HOW TO COMPLETE THIS TASK: Return only what runs from the line containing "DOM4YOU - Nowoczesny" through the last line of the entries below, exactly, omitting pictures.

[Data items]

#####

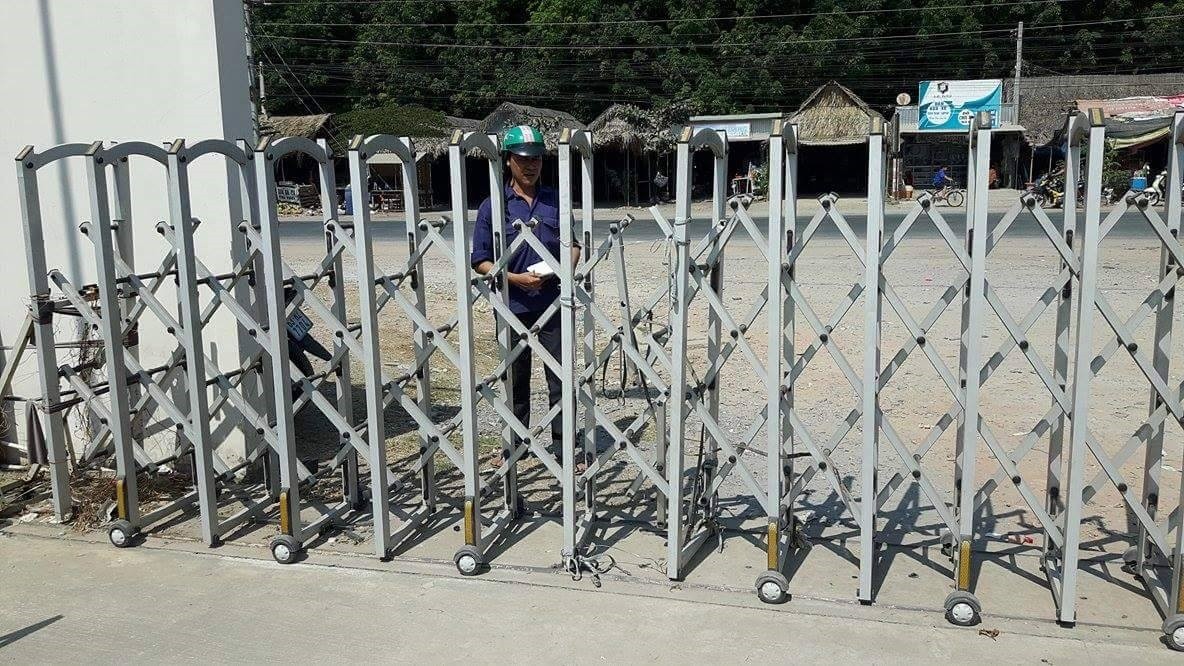 sửa cửa cổng xếp kcn Vsip 2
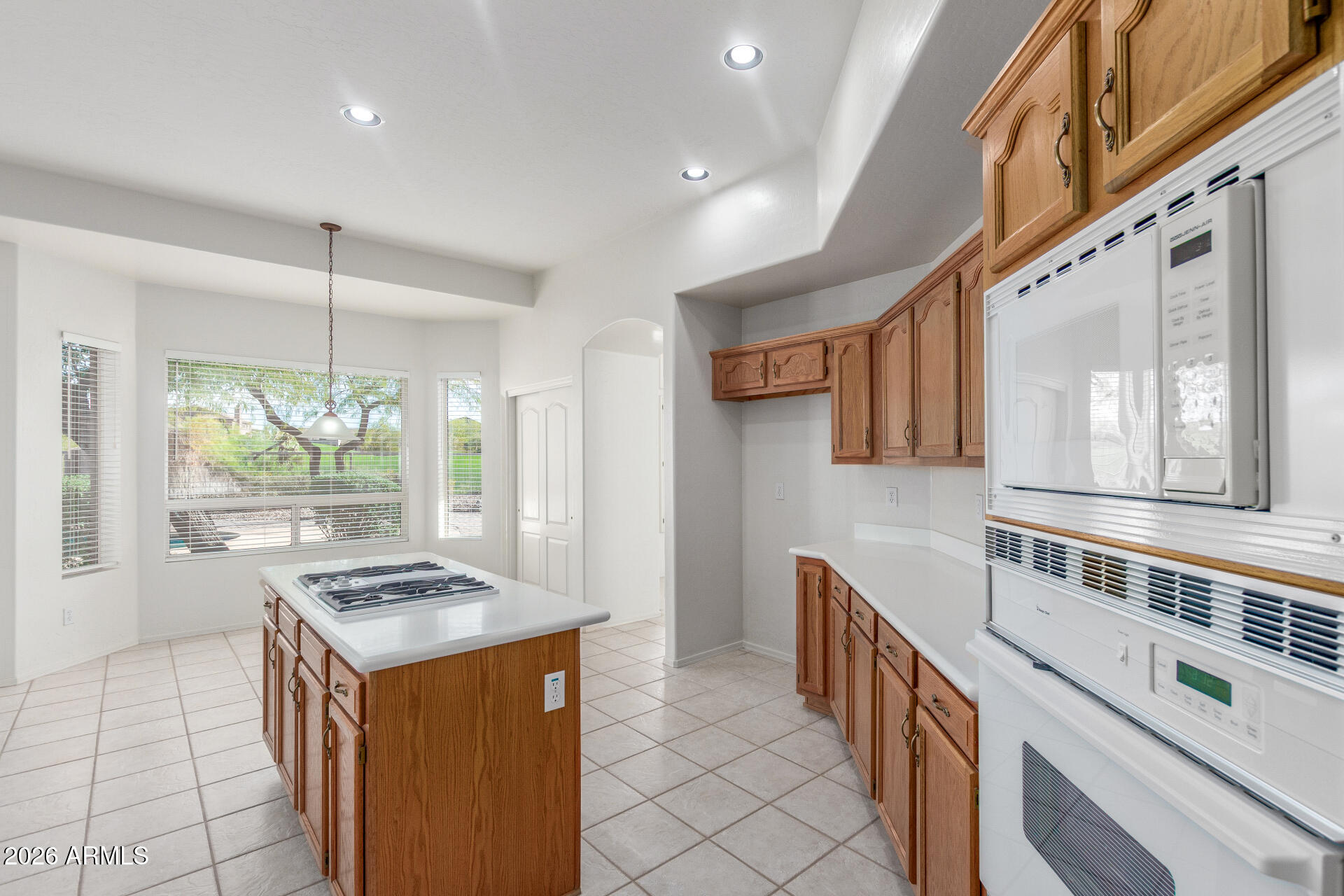 3430 North Mountain Ridge, Unit 13 Mesa, AZ 85207 - Photo 23 of 115 a kitchen with sink cabinets and window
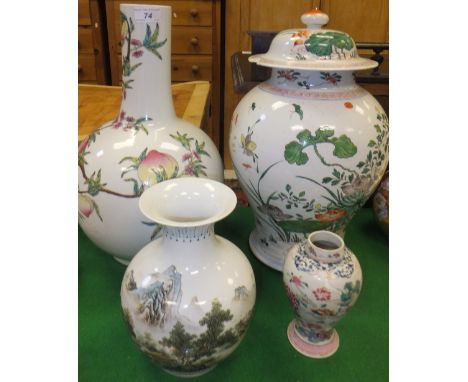 A large Chinese porcelain bottle shaped vase decorated with peaches, a modern Chinese porcelain jar and cover decorated in th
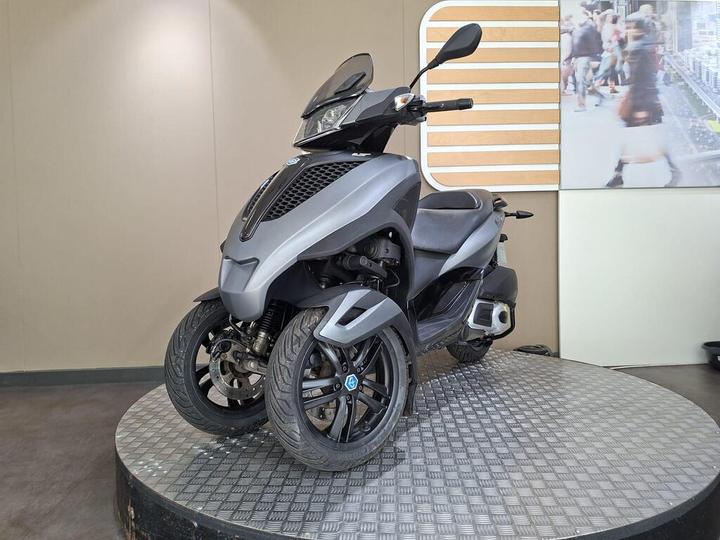 A modern gray three-wheeled scooter displayed on a round platform with a textured surface, set against a neutral background featuring a blurred image of busy pedestrians.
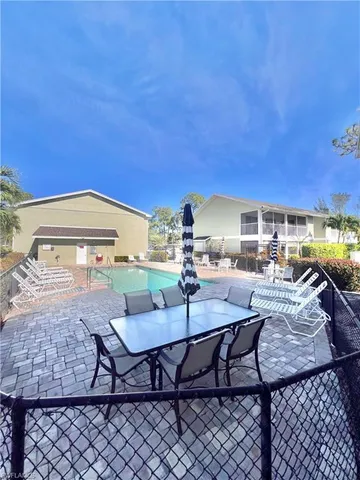 a view of a chairs and table in patio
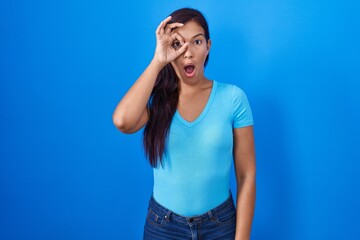 Young hispanic woman standing over blue background doing ok gesture shocked with surprised face, eye looking through fingers. unbelieving expression.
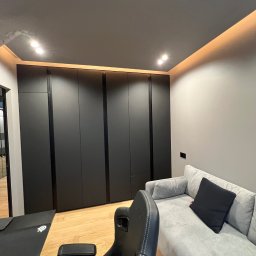 DOM4YOU - Nowoczesny pokój z podświetlanym sufitem, czarną zabudową szafy wnękowej z ciemnymi listwami, szarą sofą z czarną poduszką i fotelem gamingowym.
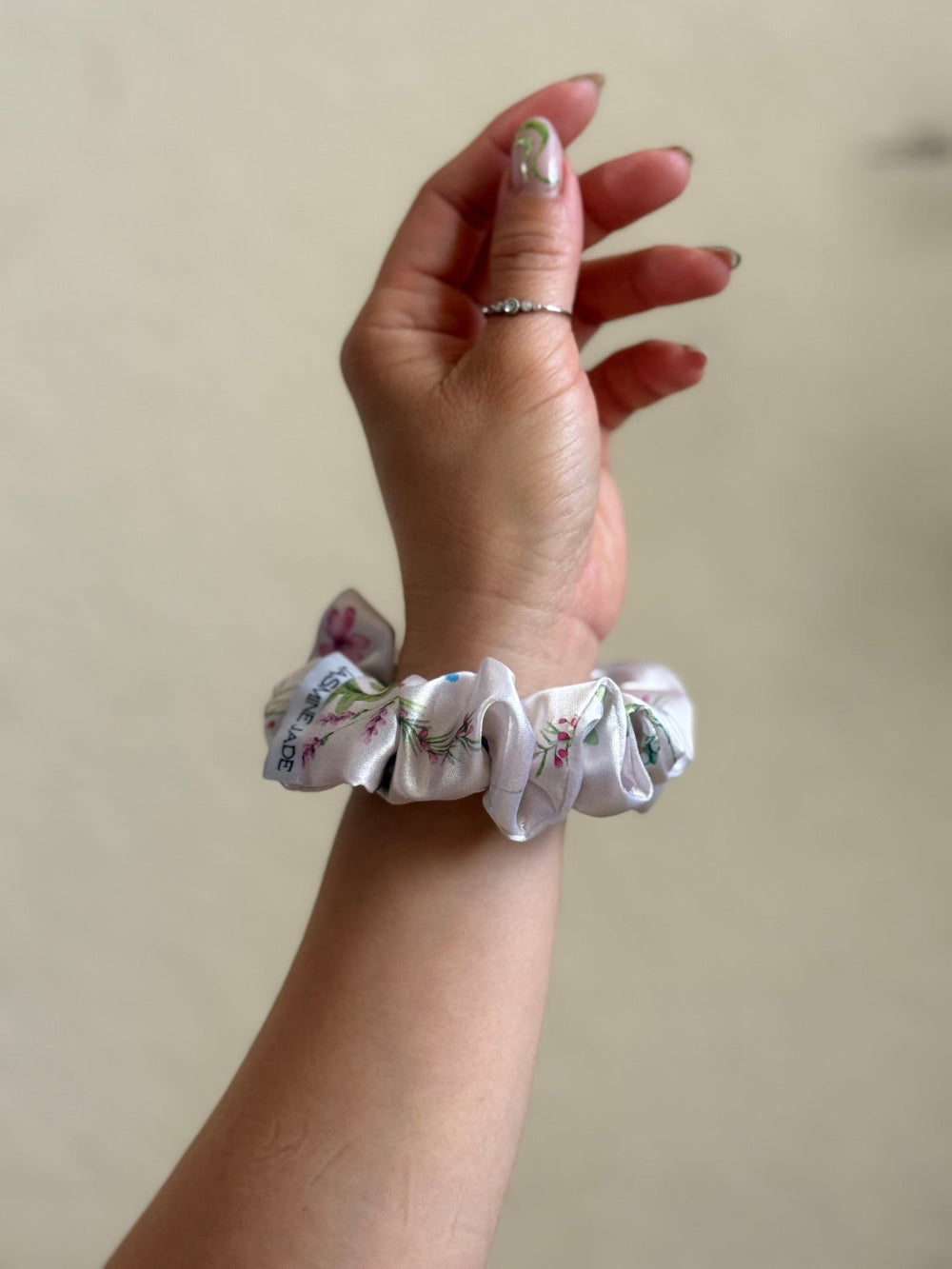 ivory satin floral scrunchie with delicate blue, pink, and green flowers on a neutral base, designed for every day wear, offering a secure and stylish hold.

#####

RESPONSE TO THIS TASK:
 DOM4YOU - Nowoczesny pokój z podświetlanym sufitem, czarną zabudową szafy wnękowej z ciemnymi listwami, szarą sofą z czarną poduszką i fotelem gamingowym.
 ivory satin floral scrunchie with delicate blue, pink, and green flowers on a neutral base, designed for every day wear, offering a secure and stylish hold.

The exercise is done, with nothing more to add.